What you are asked to do:
Repeat the listing below word for word, stopping after the line that contains "Alt view image".

Top of Records for this exercise

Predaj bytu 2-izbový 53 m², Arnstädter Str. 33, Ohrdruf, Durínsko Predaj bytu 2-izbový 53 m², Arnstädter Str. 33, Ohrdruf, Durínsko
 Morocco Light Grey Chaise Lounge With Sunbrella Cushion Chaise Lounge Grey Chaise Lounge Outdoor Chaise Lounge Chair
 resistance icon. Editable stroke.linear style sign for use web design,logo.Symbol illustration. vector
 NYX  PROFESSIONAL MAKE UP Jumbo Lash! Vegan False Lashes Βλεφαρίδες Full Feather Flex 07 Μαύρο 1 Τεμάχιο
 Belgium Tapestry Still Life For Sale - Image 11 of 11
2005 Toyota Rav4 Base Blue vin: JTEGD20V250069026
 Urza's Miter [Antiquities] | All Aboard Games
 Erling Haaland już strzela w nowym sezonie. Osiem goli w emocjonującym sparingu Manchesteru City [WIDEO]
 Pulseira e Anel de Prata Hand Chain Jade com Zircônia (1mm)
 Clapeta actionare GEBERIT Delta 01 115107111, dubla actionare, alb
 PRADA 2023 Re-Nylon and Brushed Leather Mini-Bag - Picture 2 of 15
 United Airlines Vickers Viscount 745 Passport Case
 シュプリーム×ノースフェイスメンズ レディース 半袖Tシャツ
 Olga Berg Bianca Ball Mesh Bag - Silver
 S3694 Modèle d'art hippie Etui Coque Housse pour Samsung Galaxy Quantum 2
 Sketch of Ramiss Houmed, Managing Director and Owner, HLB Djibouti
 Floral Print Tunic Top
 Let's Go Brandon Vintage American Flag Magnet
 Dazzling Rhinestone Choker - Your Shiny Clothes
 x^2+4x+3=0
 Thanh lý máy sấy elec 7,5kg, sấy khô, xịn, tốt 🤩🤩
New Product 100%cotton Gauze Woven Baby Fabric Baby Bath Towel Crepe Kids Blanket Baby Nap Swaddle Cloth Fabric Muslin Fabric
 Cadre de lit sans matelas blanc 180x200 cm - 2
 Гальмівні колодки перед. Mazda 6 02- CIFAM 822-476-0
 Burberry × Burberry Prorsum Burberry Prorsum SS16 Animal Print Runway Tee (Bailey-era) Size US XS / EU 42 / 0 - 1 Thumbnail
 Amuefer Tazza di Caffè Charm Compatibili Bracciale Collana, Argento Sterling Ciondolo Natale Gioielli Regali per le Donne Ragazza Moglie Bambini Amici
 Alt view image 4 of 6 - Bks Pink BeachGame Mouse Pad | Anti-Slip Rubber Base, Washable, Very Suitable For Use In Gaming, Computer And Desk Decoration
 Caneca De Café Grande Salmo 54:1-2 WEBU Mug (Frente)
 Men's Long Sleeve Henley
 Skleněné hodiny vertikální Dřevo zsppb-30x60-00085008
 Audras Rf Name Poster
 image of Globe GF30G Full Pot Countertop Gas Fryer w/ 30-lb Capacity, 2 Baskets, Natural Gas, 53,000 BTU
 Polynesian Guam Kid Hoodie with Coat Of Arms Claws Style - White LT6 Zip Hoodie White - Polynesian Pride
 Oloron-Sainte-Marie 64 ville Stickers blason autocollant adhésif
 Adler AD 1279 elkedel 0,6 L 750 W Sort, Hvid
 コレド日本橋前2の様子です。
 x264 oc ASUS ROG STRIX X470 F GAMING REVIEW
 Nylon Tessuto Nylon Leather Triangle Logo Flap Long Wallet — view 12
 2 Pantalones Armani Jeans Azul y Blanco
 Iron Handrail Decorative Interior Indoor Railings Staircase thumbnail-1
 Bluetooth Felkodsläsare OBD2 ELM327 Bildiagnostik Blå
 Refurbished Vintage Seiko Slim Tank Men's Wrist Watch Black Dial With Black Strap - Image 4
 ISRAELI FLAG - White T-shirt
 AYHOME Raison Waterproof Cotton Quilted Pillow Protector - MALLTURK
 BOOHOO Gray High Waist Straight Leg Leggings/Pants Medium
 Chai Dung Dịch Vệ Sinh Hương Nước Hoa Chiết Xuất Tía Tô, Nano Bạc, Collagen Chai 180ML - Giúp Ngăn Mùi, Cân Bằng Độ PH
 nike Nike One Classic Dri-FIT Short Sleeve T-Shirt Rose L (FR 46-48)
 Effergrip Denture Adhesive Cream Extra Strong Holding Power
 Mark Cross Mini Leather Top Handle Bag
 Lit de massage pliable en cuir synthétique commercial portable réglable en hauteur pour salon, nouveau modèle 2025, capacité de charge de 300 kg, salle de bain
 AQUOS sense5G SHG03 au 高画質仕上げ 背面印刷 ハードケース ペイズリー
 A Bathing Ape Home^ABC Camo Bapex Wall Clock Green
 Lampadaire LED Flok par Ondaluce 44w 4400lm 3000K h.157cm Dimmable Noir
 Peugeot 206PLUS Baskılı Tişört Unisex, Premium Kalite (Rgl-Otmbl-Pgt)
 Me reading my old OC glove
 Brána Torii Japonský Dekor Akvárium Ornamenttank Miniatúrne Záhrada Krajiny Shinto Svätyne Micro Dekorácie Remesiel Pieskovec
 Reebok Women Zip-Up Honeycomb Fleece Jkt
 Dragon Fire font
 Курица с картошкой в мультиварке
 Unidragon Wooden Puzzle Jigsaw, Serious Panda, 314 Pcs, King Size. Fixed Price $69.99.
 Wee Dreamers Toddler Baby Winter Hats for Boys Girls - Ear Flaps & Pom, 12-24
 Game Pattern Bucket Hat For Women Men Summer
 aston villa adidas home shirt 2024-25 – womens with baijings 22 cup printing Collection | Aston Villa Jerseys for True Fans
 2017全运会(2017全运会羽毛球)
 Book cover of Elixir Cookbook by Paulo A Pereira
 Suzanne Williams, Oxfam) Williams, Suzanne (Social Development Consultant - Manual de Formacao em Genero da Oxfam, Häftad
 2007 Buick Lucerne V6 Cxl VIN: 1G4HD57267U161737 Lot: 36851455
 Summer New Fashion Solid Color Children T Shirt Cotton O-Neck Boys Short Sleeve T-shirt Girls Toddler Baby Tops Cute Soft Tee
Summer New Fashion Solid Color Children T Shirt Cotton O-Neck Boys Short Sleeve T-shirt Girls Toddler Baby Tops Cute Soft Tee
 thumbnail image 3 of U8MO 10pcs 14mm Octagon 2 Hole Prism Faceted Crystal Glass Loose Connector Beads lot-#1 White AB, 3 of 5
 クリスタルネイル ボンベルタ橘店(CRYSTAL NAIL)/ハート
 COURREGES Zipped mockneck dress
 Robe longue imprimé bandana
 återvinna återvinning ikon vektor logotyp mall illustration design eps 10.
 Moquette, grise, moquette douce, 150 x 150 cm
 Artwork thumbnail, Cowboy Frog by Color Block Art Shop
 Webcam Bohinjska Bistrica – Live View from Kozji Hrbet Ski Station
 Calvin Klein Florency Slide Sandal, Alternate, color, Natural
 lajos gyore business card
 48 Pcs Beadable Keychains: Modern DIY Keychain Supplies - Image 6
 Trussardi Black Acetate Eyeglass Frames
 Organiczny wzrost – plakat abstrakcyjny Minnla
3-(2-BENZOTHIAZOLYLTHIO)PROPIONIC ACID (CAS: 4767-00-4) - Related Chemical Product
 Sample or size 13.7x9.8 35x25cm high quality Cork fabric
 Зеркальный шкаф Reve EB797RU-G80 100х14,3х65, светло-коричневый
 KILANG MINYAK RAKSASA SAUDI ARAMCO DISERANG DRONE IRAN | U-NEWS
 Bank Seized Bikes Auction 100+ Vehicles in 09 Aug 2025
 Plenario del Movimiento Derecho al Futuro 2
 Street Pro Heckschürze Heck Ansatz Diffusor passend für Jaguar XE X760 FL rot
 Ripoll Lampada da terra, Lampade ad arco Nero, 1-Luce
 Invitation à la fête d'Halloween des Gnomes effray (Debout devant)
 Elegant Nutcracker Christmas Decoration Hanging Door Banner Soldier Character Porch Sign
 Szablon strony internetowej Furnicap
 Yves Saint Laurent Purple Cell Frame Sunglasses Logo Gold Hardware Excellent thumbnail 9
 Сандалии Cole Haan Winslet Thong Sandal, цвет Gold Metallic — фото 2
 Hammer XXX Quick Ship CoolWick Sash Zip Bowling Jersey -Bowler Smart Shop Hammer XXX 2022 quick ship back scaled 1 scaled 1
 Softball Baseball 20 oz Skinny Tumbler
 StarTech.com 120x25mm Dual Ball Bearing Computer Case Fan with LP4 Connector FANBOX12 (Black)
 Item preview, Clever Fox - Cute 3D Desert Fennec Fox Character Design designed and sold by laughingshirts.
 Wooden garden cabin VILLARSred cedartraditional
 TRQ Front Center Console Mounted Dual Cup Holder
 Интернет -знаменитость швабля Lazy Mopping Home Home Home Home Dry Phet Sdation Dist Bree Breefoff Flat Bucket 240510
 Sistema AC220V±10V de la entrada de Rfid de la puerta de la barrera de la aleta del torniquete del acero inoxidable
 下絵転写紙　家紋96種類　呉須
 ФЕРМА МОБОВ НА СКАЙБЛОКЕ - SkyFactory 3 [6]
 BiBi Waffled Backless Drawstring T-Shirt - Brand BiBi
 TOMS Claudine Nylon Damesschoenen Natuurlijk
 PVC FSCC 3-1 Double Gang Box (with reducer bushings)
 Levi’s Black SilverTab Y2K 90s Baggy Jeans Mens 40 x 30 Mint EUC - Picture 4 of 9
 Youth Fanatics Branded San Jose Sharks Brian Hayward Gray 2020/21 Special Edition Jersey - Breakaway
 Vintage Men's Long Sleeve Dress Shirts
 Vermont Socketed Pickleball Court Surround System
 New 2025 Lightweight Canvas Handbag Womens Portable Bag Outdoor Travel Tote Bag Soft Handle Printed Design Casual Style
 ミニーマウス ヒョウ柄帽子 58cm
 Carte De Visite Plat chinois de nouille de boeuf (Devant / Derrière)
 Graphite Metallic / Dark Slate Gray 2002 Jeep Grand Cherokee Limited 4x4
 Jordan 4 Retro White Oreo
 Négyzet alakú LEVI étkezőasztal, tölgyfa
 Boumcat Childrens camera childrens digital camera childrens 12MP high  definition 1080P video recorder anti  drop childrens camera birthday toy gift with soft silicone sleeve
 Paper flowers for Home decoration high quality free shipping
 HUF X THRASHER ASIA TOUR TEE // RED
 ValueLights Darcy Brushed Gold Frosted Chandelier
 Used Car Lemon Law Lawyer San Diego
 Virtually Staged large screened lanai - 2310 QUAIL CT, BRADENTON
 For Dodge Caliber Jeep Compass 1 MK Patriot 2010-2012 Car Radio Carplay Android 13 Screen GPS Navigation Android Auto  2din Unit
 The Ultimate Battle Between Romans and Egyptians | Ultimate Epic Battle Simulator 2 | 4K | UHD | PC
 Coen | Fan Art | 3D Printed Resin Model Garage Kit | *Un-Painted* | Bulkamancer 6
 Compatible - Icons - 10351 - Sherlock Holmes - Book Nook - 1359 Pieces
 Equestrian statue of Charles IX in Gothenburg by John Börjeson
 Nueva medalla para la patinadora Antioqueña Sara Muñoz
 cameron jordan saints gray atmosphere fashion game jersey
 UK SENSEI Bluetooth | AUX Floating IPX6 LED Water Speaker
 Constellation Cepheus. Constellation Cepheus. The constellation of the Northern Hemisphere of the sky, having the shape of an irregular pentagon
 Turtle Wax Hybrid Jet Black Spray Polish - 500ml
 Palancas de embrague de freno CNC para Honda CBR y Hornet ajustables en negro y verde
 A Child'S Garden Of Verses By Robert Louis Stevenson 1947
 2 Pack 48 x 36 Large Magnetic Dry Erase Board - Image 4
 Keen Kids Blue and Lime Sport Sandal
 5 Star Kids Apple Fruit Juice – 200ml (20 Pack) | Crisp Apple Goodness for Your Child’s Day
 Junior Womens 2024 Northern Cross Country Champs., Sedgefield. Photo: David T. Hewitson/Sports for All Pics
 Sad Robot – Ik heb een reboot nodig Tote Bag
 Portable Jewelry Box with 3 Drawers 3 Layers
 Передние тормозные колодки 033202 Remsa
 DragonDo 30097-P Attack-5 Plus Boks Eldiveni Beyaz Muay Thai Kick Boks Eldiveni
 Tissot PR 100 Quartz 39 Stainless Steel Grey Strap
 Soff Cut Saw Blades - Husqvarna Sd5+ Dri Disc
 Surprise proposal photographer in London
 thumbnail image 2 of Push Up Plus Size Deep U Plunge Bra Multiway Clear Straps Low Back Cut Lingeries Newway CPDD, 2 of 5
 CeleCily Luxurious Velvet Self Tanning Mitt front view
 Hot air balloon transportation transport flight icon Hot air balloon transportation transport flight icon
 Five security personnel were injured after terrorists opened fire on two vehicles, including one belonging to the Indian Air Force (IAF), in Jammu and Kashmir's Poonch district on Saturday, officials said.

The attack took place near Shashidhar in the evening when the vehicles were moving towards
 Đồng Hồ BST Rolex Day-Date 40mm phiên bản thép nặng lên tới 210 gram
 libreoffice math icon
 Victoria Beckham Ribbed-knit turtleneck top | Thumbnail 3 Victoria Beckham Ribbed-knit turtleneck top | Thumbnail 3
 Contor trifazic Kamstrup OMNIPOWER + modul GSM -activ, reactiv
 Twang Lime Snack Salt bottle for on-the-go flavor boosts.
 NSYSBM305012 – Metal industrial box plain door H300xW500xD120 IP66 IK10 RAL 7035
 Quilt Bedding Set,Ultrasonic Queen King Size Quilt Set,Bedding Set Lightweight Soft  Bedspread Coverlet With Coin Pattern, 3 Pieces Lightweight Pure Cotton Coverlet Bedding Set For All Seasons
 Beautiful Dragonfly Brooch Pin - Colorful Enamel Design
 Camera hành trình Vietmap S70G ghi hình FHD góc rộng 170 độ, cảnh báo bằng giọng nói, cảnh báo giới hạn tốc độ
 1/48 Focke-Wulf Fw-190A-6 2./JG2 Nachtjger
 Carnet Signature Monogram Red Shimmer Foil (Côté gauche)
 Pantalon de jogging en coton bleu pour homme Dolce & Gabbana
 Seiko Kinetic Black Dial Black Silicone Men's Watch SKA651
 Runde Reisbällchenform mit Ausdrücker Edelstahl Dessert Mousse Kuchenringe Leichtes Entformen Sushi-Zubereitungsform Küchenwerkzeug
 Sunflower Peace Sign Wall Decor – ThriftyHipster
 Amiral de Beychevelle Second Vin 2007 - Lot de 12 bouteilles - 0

Bottom of Records for this exercise

Answer box:
Predaj bytu 2-izbový 53 m², Arnstädter Str. 33, Ohrdruf, Durínsko Predaj bytu 2-izbový 53 m², Arnstädter Str. 33, Ohrdruf, Durínsko
 Morocco Light Grey Chaise Lounge With Sunbrella Cushion Chaise Lounge Grey Chaise Lounge Outdoor Chaise Lounge Chair
 resistance icon. Editable stroke.linear style sign for use web design,logo.Symbol illustration. vector
 NYX  PROFESSIONAL MAKE UP Jumbo Lash! Vegan False Lashes Βλεφαρίδες Full Feather Flex 07 Μαύρο 1 Τεμάχιο
 Belgium Tapestry Still Life For Sale - Image 11 of 11
2005 Toyota Rav4 Base Blue vin: JTEGD20V250069026
 Urza's Miter [Antiquities] | All Aboard Games
 Erling Haaland już strzela w nowym sezonie. Osiem goli w emocjonującym sparingu Manchesteru City [WIDEO]
 Pulseira e Anel de Prata Hand Chain Jade com Zircônia (1mm)
 Clapeta actionare GEBERIT Delta 01 115107111, dubla actionare, alb
 PRADA 2023 Re-Nylon and Brushed Leather Mini-Bag - Picture 2 of 15
 United Airlines Vickers Viscount 745 Passport Case
 シュプリーム×ノースフェイスメンズ レディース 半袖Tシャツ
 Olga Berg Bianca Ball Mesh Bag - Silver
 S3694 Modèle d'art hippie Etui Coque Housse pour Samsung Galaxy Quantum 2
 Sketch of Ramiss Houmed, Managing Director and Owner, HLB Djibouti
 Floral Print Tunic Top
 Let's Go Brandon Vintage American Flag Magnet
 Dazzling Rhinestone Choker - Your Shiny Clothes
 x^2+4x+3=0
 Thanh lý máy sấy elec 7,5kg, sấy khô, xịn, tốt 🤩🤩
New Product 100%cotton Gauze Woven Baby Fabric Baby Bath Towel Crepe Kids Blanket Baby Nap Swaddle Cloth Fabric Muslin Fabric
 Cadre de lit sans matelas blanc 180x200 cm - 2
 Гальмівні колодки перед. Mazda 6 02- CIFAM 822-476-0
 Burberry × Burberry Prorsum Burberry Prorsum SS16 Animal Print Runway Tee (Bailey-era) Size US XS / EU 42 / 0 - 1 Thumbnail
 Amuefer Tazza di Caffè Charm Compatibili Bracciale Collana, Argento Sterling Ciondolo Natale Gioielli Regali per le Donne Ragazza Moglie Bambini Amici
 Alt view image 4 of 6 - Bks Pink BeachGame Mouse Pad | Anti-Slip Rubber Base, Washable, Very Suitable For Use In Gaming, Computer And Desk Decoration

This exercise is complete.